Asian stock markets are off to a bad start this week, with most major indexes plunging anywhere from 1-2 per cent. And the reasons aren't new: concerns over growth and escalating frictions between two of the world's superpowers.
The sell-off in global equities deepened in Asia hours after Chinese economic data released over the weekend signalled a further weakening of both domestic and international demand in November. Adding insult to injury, tensions have ratcheted up after the arrest of Huawei Technologies chief financial officer, with China's Vice Foreign Minister having summoned the US Ambassador to China in a protest over her capture on Saturday.
To Nader Naeimi, a Sydney-based fund manager at AMP Capital Investors, the recent market weakness has been "narrative-based" as opposed to "fundamentally based," and investors are in a "get-me-out-of-here mood."
With every single market in the red, Asia's benchmark MSCI Asia Pacific Index has erased November's 2.7 per cent climb and is heading to its lowest level since end-October. Australia was the worst performer in the region with Japan's, whose economy shrank more than forecast, while China's stocks dropped with the offshore yuan weakening for a fourth day. Futures on the S&P 500 Index tumbled as much as 1 per cent in the morning.
There's a host of negative factors:
1. Global investors may be more risk-averse as UK Prime Minister Theresa May must decide on Monday whether to put her Brexit deal to a vote in Parliament this week and risk a humiliating defeat that could plunge the nation into unprecedented political chaos. A top EU court said they UK can unilaterally reverse the Brexit process.

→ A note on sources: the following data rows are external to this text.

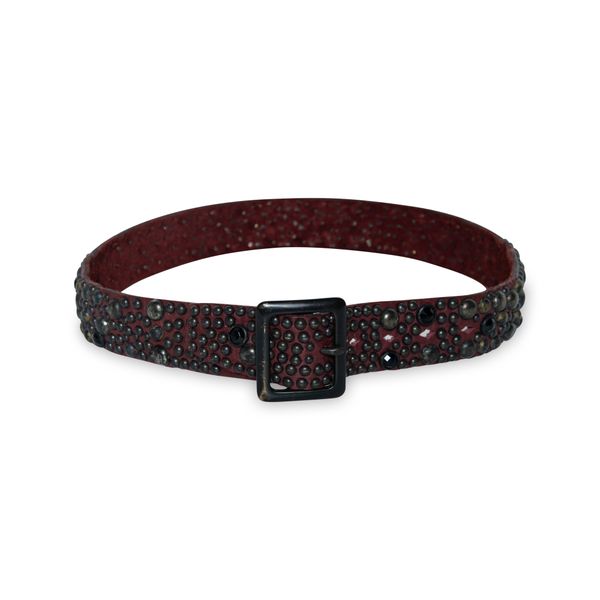 Vintage Leather Studded Belt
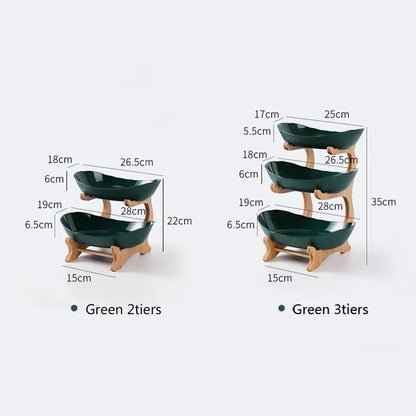 2 and 3 Tier Oval Fruit Bowl - Homevalley.co.uk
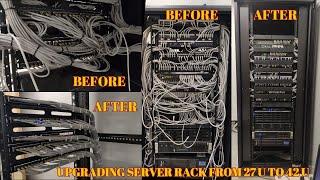 installation Data Center Cable Management Rack 27U to 42U Upgrading data Server Rack Capacity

2. There's probably room for more capitulation when it comes to US stocks - hedge funds that had stocked up on American equities are still sitting on substantial inventory, and long-short funds' exposure to the S&P 500 is still well above levels that marked market lows over the past decade, according to Sundial Capital Research.
3. Recent worries over a US bond yield-curve inversion and outlook for oil prices haven't subsided.
AMP's Naeimi said his firm is trying to manage against the possible scenario of "things getting worse before getting better" and has been looking to add "risk-managed short tech positions" while maintaining a core exposure in beaten-up markets such as emerging assets, global energy and financials worldwide, he said.
So what's next? With global growth data mixed and the US-China 90-day trade-war truce, one market watcher doesn't see the situation significantly improving. "The realisation that this state of uncertainty is expected to prolong for much longer is unsettling markets and this all is not likely to go away any time soon," said Jingyi Pan, a market strategist at IG Asia. "Investors should evidently brace for more volatility to come and hedge the downsides."
Some strategists have started to call an end to trading in 2018 with equity volume expected to shrink as the year comes to an end. "For this week, trading will be biased downward," said Rachelle Cruz, an analyst at AP Securities Inc. "There is no catalyst to dissuade investors from taking in these risks, so any run-up will probably be short-lived and succumb to profit taking."
The China-US tension will weigh on the region while the U.S. extends its correction, Cruz said, adding it's no surprise if traders take out money from equities to invest in fixed assets with better yields.
What should investors do? Taking a break is a suggestion from Beyond Asset Management Company president Michael On.
"The China-US tension is worse than expected," On said. "Investors should be cautious, and are advised to lower their stock holdings to less than 50 per cent of assets, with the global GDP bottoming only in 2Q next year and China and the U.S. having a 90-day negotiation period."
"They should take a break and come back after the Chinese New Year holiday," he said.
To Castor Pang, head of research at Core Pacific-Yamaichi International Hong Kong, liquidity is another factor to watch around the holiday season, especially in Hong Kong where Chinese investors have a big exposure.
"Traditionally, Chinese funds tend to withdraw from overseas and go back to mainland in the year-end, and that will further weigh on markets," Pang said, adding that he says investors have given up hope for a December rebound.